A ratio da lei é a mesma que orientou a modificação do artigo 58º, nº 1, al. a), isto é, evitar a constituição e o interrogatório como arguido no caso de queixa manifestamente infundada em que o Ministério Público desde logo vislumbra a possibilidade de arquivar o inquérito e vem a arquivá-lo”.

Mas nem antes nem após esta redacção da lei nº 48/2007, se refere ou impõe expressamente, o momento do inquérito em que o interrogatório possa ou sobretudo deva acontecer.

Mas com certeza é fácil concluir que esta obrigatoriedade deve funcionar e visa a defesa dos direitos do arguido, confrontá-lo com os factos e elementos probatórios que existam no processo para o mesmo ter oportunidade de sobre eles se pronunciar.

Todavia, sobre esta matéria, ainda acrescenta PAULO PINTO DE ALBUQUERQUE, obra cit. fls. 707, nota 2.

“A lei não consagra o dever de realização imediata do interrogatório de pessoa determinada contra quem corre o inquérito. A definição do momento de realização desse interrogatório é uma questão táctica, que cabe no âmbito da discricionariedade do MºPº (também assim, Germano Marques da Silva, 2003, 1374; Dá Mesquita, 2003, 106 e António Barreiros, 2005, 164, este último em termos críticos da solução legal, preferindo a do artigo 250º, do CPP de 1929, na redacção de 1972)”.

3. Conforme resulta do processo[5], o arguido teve conhecimento, foi confrontado com os factos e elementos que constam dos autos. Teve a oportunidade de sobre eles de pronunciar e defender-se. Usou do seu legítimo direito ao silêncio. Ora, deste direito – direito ao silêncio -, afirma o recorrente que é ilegítimo retirar ilações.

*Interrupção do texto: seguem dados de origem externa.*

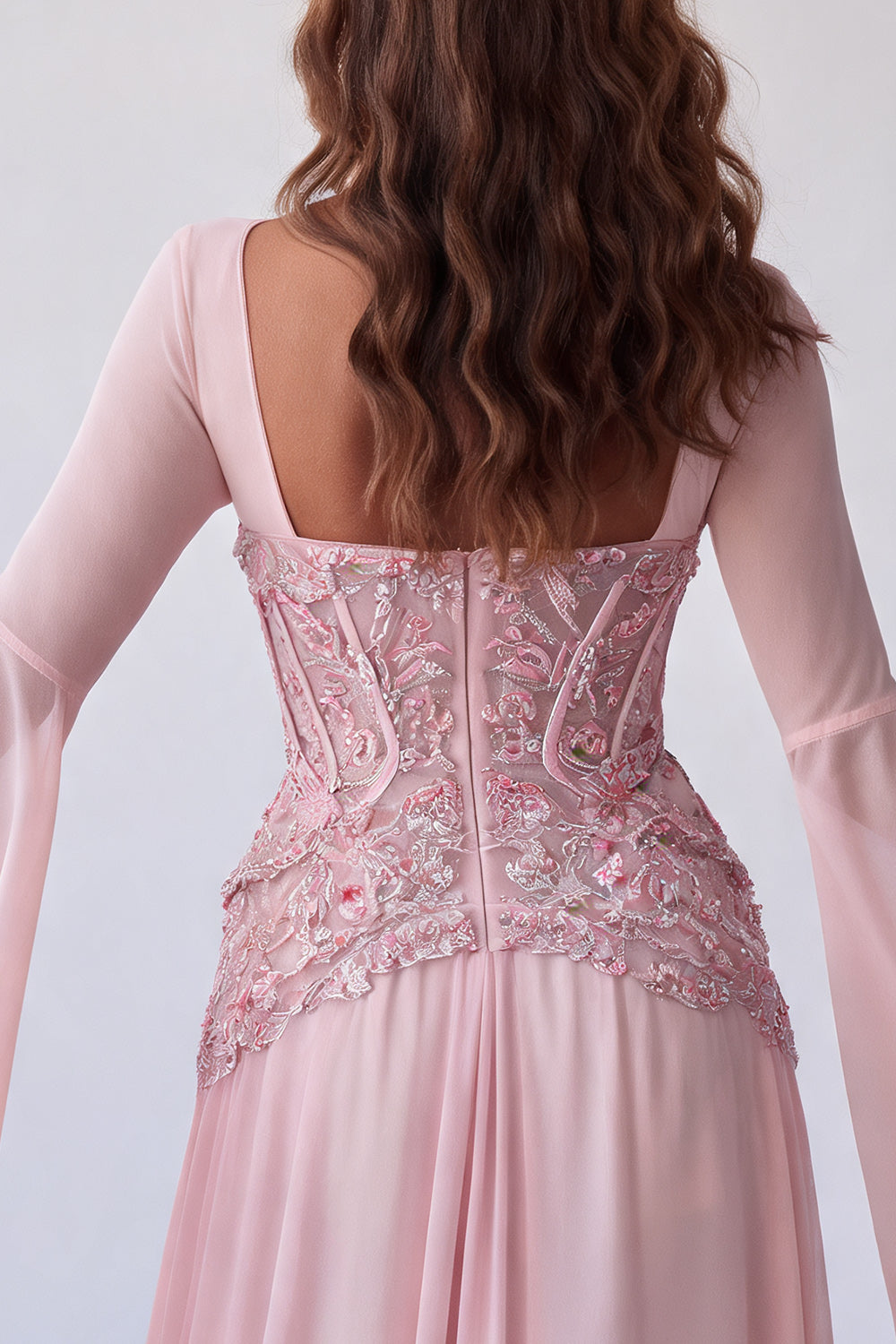 Floral Pink A Line Corset Sequin Long Formal Dress with Sleeves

Não se trata de ser ilegítimo retirar ilações. Trata-se outrossim de, não podendo o arguido ser prejudicado pelo não exercício de um direito – no caso remetendo-se ao silêncio -, também dele não poder retirar benefícios, sem mais.

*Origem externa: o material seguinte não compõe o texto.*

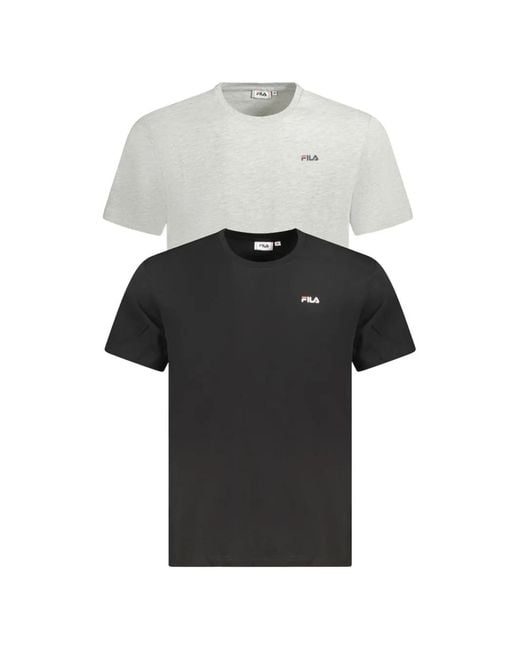 Fila White Logo-Detail T-Shirt (Pack Of Two) for men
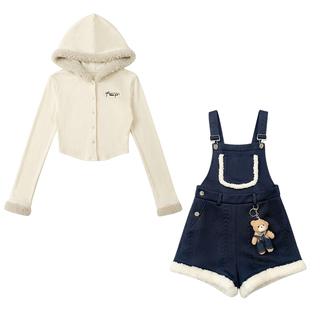 织物猪 蓝绒奶糖 日系学院风蓝色背带裙套装女冬季连体长裙两件套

Com certeza que após o seu interrogatório e exercício do seu direito ao silêncio, o inquérito prosseguiu seus termos. Mas como mais uma vez cita o Exmº Sr. PGA,

“A interpretação do recorrente já, aliás, foi escrutinada pelo TC no Ac. 72/20 12, no qual, após se afirmar “desde logo, não é constitucionalmente imposto que o arguido seja ouvido sempre que um novo facto ou elemento probatório seja incorporado no inquérito ou que tenha de existir um interrogatório no encerramento do inquérito que, a título de “audiência pré-fina!” (cf Paulo Pinto de Albuquerque, Comentário ao Código de Processo Penal, 4ª edição, Lisboa, 2007, p. 733), dê previamente a conhecer ao arguido todo o conteúdo fáctico da acusação, se concluiu no sentido de que não constitui nulidade o não confronto do arguido, em interrogatório, com todos os factos concretos que venham a ser inseridos na acusação contra ele deduzida”[6].


4.
Para terminar, sempre se pode acrescentar que, mesmo após o interrogatório do arguido no qual se remeteu ao silêncio, sempre o mesmo tinha o direito de intervir no inquérito, oferecendo provas e requerendo as diligências que se lhe afigurassem necessárias, incluindo a sua audição – assim o entendemos -, ao abrigo dos seus direitos do artigo 61º, nº 1, alíneas b) e g), do CPP.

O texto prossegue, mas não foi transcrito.